Further refactor parser logic

While the "new" (relatively speaking) parser logic is far superior to the original logic, it is still overly verbose in places, particularly where complex expansions may result in sequences containing choices containing sequences and so on. The logic is perfectly capable of supporting these kinds of expansions, but it currently requires separate non-terminals for each "branch" in parser logic. This results in having a great number of non-terminals that ultimately end up getting dropped during reduction.

If we can allow sub-parses to be specified in-place as opposed to a separate accept() function, then we won't require a massive list of intermediate non-terminals, and thus we won't require a massive list of CST nodes.

Thinking further, we may not even need CST node classes at all, as now they are used only as containers to pass from the parser to the reducer functions.

This is what I envision as the process:

Several accept() functions are used to build the parser. The definitions within these functions contain the logic for building expansions, and the components within these expansions can specify sub-parsers, which can either be more expansions specified in-place, or references to other accept() functions.
Some high-level accept() functions can also specify a reduce() function that will transform the parsed result to an AST node instance.
All of this, including the nesting and reduce() references, will be strongly-typed. The old CST node classes will be replaced with type definitions for these structures, and they will only be needed for the nodes that are passed to the reduce() functions, so they will specify the same nesting that the accept() functions specify.
When an accept() function is called, the AST node is spit back out.

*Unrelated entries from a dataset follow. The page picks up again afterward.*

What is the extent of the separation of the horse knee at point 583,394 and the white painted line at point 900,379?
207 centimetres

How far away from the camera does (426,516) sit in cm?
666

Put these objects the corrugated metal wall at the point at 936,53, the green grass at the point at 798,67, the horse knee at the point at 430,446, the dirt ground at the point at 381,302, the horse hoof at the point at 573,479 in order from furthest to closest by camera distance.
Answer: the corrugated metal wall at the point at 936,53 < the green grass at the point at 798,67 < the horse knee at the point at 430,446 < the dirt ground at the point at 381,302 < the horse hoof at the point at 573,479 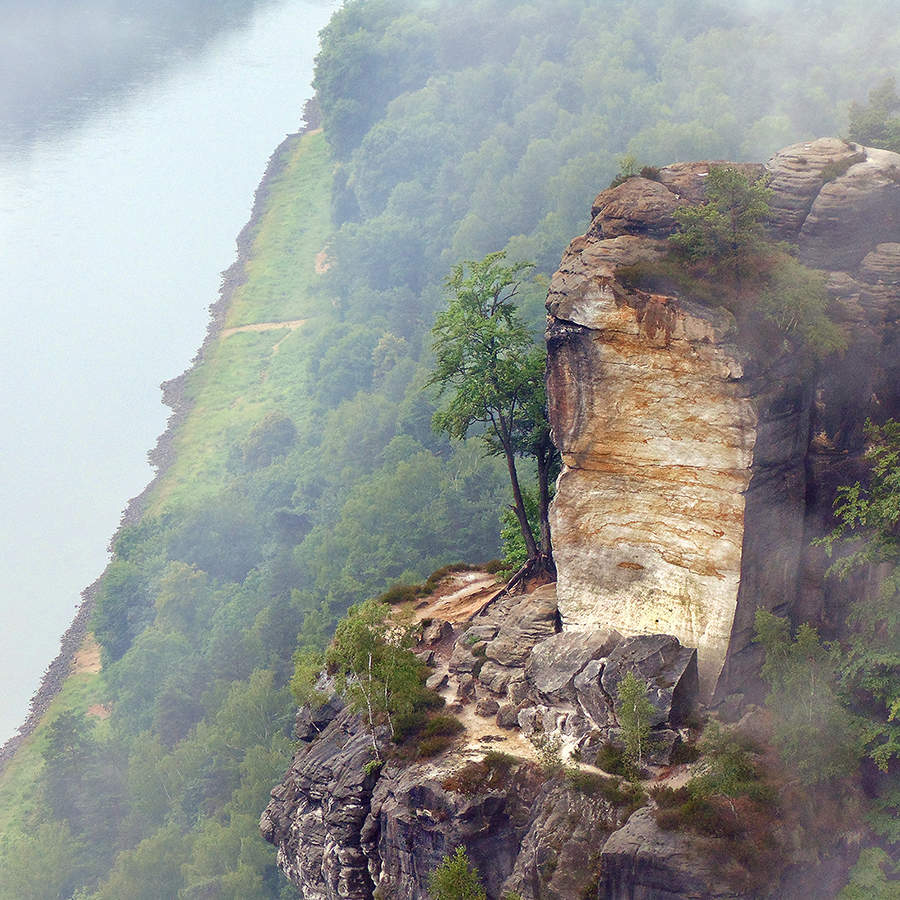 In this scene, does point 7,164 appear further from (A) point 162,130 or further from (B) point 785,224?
(B) point 785,224

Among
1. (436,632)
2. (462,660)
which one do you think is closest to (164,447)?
(436,632)

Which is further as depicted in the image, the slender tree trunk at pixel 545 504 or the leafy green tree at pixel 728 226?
the slender tree trunk at pixel 545 504

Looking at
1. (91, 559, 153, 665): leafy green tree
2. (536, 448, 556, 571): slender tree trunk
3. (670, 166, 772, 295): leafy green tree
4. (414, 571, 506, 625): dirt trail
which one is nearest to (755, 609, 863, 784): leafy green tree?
(670, 166, 772, 295): leafy green tree

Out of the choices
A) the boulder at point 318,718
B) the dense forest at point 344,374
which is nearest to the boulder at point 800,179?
the boulder at point 318,718

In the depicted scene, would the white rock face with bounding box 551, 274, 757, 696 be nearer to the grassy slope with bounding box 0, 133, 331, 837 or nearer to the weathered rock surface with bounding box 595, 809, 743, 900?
the weathered rock surface with bounding box 595, 809, 743, 900

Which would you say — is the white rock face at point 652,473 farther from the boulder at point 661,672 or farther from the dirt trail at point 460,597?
the dirt trail at point 460,597

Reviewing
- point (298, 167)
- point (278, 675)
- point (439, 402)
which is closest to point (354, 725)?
point (278, 675) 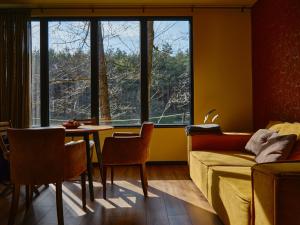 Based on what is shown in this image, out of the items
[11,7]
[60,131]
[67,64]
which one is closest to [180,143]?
[67,64]

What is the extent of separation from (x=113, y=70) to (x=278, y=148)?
10.6 ft

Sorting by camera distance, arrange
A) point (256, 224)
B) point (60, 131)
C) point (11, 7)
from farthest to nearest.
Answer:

TODO: it may be useful to keep the reduce() and accept() logic split up, so we can implement this in two layers for testing. Adjust this stuff to account for that.

Ok, so we have three types of expansions:

Sequential
Choice
Left-Recursive

Sequential expansions specify a list of expansions to be accepted in sequence, where each expansion is applied as a property to some CST node object.

Choice expansions specify a list of expansions to be tried, and the first one that matches will be applied to a choice property of some CST node object.

Left-Recursive expansions specify two lists: a list of base expansions, which are accepted the same way as a basic choice expansion; and a list of suffixes, which are accepted any number of times after one base has been accepted. Each accepted suffix takes the previous base, inserts it into itself at a specified property, and sets itself as the next base. The first iteration that all suffixes fail, the previous base is returned as the result.

We want to add two primary changes:

CST nodes won't be class instances anymore, just regular objects, but still type checked via some type definitions.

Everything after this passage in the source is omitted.